Gemeindefusionen: Dutzende Klagen geplant

Rot-Schwarz winkt Reduktion von 539 auf 288 Gemeinden durch

Gemeinderäte tragen dunkle Schleifen, wie sie sonst Grabkränze bei Beerdigungen zieren. Einige Bürgermeister schummeln Protesttafeln an den Kontrollen am Eingang des Landtages vorbei: „Demokratie“ steht drauf, rot durchgestrichen.

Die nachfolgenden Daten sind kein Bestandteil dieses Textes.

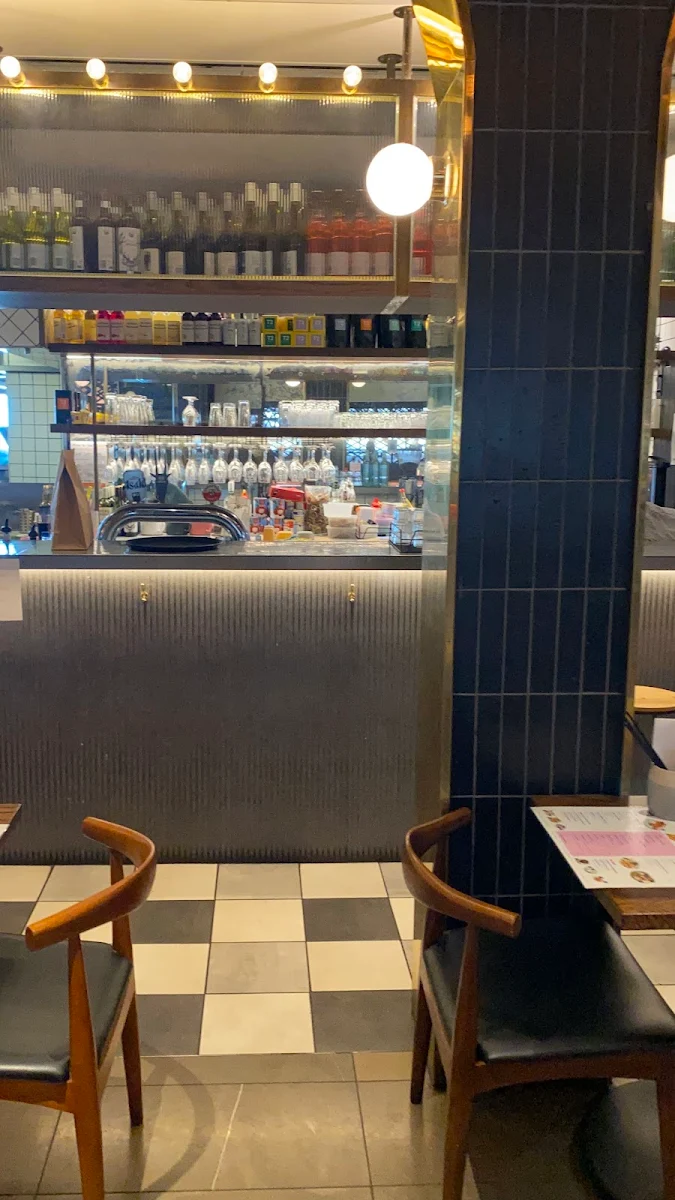 Vibe, Mama's Buoi Chadstone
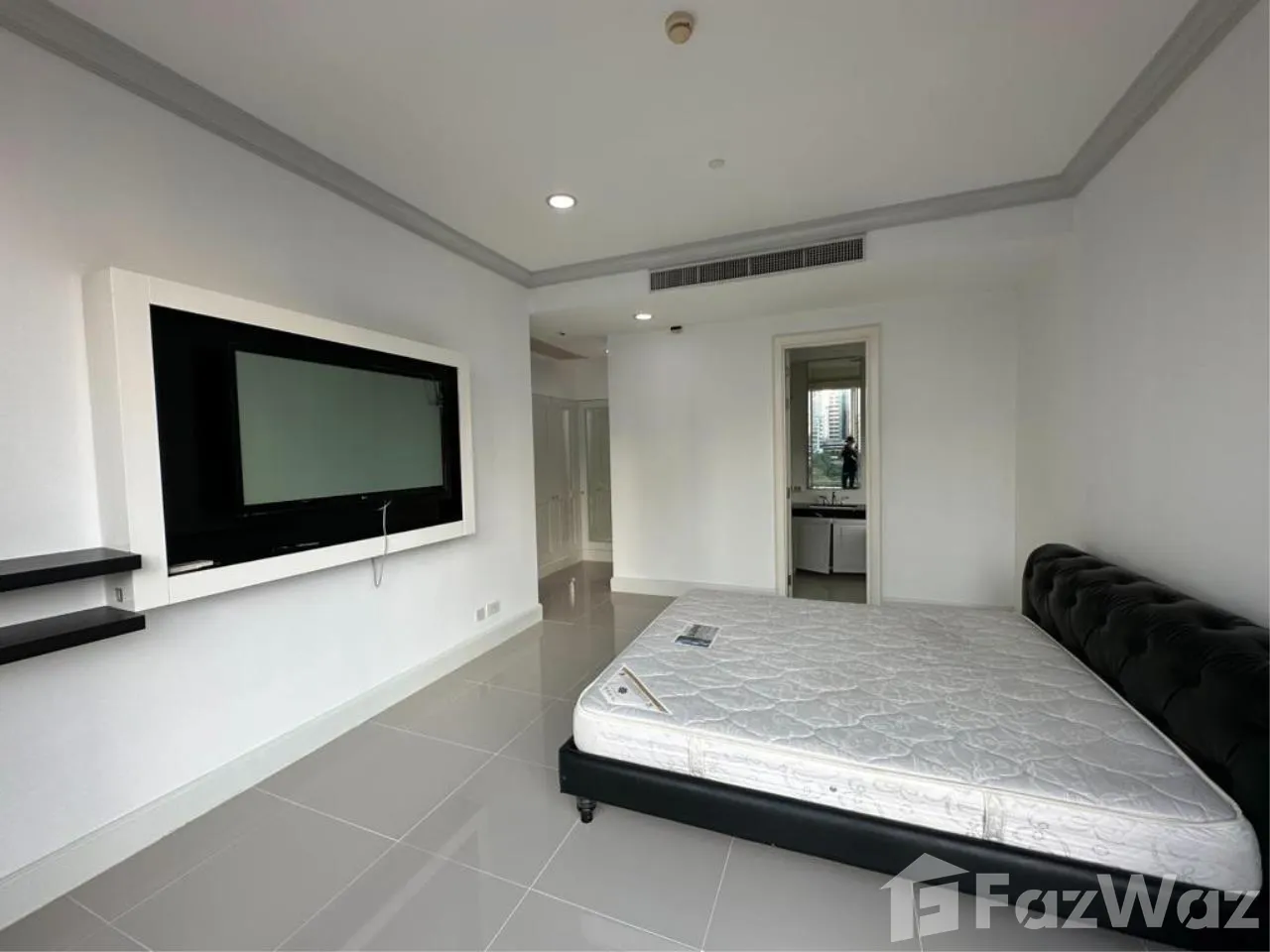 Luxurious 3-bedroom, 3-bathroom 146 sqm condo at Royce Private Residences. Prime Bangkok location, top-tier amenities. For sale at ฿31,000,000.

Dutzende Kommunalpolitiker sind bei der Sondersitzung dabei, bei der die Gemeindefusionen von Rot-Schwarz durchgewunken werden. FPÖ, Grüne und KPÖ stimmen dagegen. Statt 539 Gemeinden wird es 2015 nur noch 288 in der Steiermark geben. 90 Prozent der Fusionen passierten freiwillig, beteuern SPÖ und ÖVP.

Schelte für Wien

gemeindereform, bürgermeister friedhelm © Bild: ELMAR GUBISCH /Elmar Gubisch
„Es gibt Verweigerer. Das müssen wir zur Kenntnis nehmen“, kommentiert ÖVP-Landesobmann Hermann Schützenhöfer. „Mir zittern oft genug die Knie, weil es schwierig ist. Aber was wir machen, erfordert Mut.“ Eine Eigenschaft, die er an seiner Bundespartei vermisse, merkt er an. Ein Seitenhieb gegen Wien, den sich auch SPÖ-Landeshauptmann Franz Voves nicht entgehen lässt. „Jene Parteien, die glauben, nur die eigene Klientel befriedigen zu müssen, werden mittel- und langfristig keine Chance haben.“

100 Millionen Euro mehr brächten die Fusionen ab 2015. „Das Geld hätten wir sonst liegen gelassen“, rechnet Voves vor. Ab 2015 soll die neue Gemeindelandkarte gültig sein. Bis zu den Gemeinderatswahlen im März sollen Regierungskommissäre die Geschäfte führen.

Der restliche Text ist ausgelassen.